Mit den früheren Hochhaus-Silos in den Vorstädten haben die in Ballungszentren verstärkt entstehenden hochmodernen Wohntürme – außer der Höhe – kaum noch etwas gemein. Zum einen entstehen diese Wohntürme - fast weltweit – in den zentralen Lagen der Großstädte. Darüber hinaus werden diese Türme mit großem Aufwand geplant und bieten vielfältige Wohnungstypen und Grundrisse. Zum anderen, so formuliert die österreichische Sonova Group, schätzen die Bewohner einerseits die Urbanität und andererseits die Ruhe und Zurückgezogenheit, die durch die Höhe vermittelt wird.

Ausgangspunkt für diese inzwischen weltweit in den Ballungszentren entstehende Wohn(turm)form ist der in den Großstädten immer enger werdende Platz, zumal es zuletzt weltweit immer mehr Menschen in die Städte zieht. Ein Tatbestand, der auch schon zu dem Entstehen von sogenannten Mini- oder Mikro-Apartments geführt hat. (Vergl. mein Cashkurs-Beitrag vom 20.12.2015). Nun geht es mit den Wohntürmen in die Höhe. Aber nicht nur das.
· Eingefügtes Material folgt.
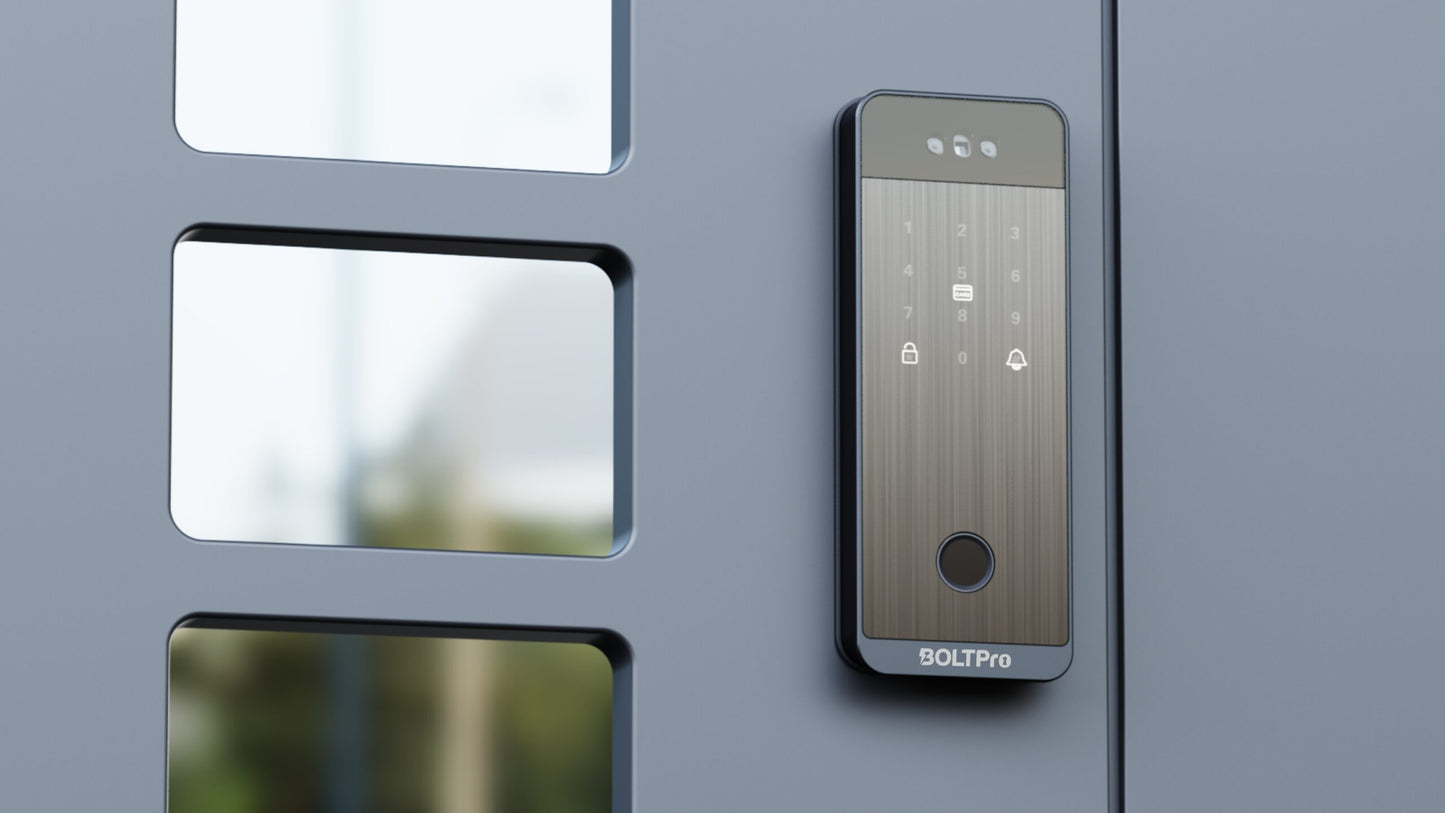 BOLTPro G4 Face ID Grille Rim Lock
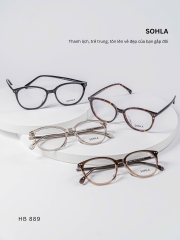 GỌNG KÍNH CẬN, HIỆU SOHLA, MÃ: HSB889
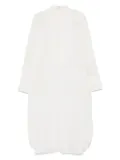 Alexander McQueen midi shirt dress - White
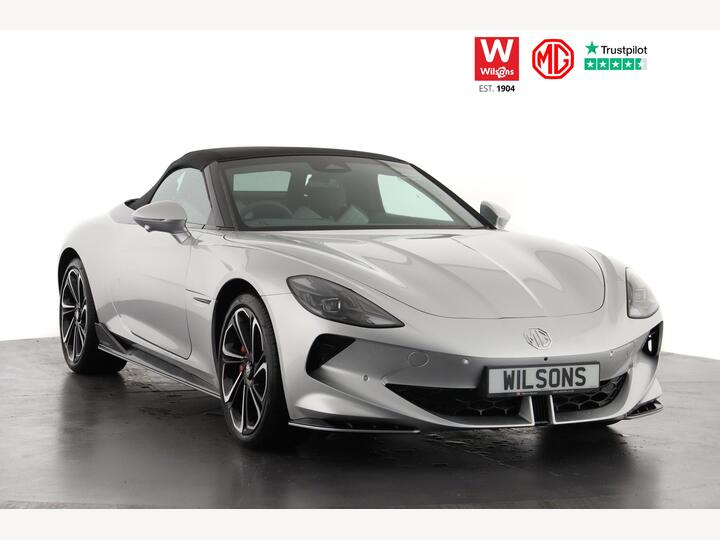 MG Cyberster Dual Motor 77kWh GT Auto 4WD 2dr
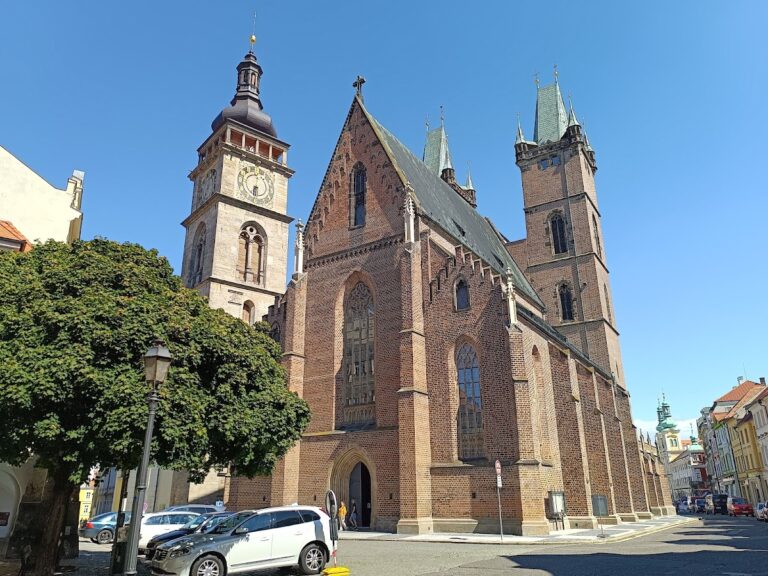Cathedral of the Holy Spirit: Gothic Cathedral of Hradec Králové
Es handelt sich um ein neues, zukunftsorientiertes Wohnkonzept, das innovativ, bewohner- und bedürfnisorientiert, ressourcenschonend und funktional ist, formuliert die LBBW Immobilien Capital GmbH, die die soeben zum Verkauf stehenden Wohntürme „Friends“ in München geplant hat. “Die beiden 53 Meter hohen Gebäude sollen über jeweils 15 Geschosse und insgesamt 260 Wohnungen verfügen. Geplant ist ein zukunftsorientiertes Wohnkonzept als Antwort auf die Herausforderungen des Münchner Wohnungsmarktes.“ Rund 75 Prozent der 260 Einheiten sollen bereits verkauft sein.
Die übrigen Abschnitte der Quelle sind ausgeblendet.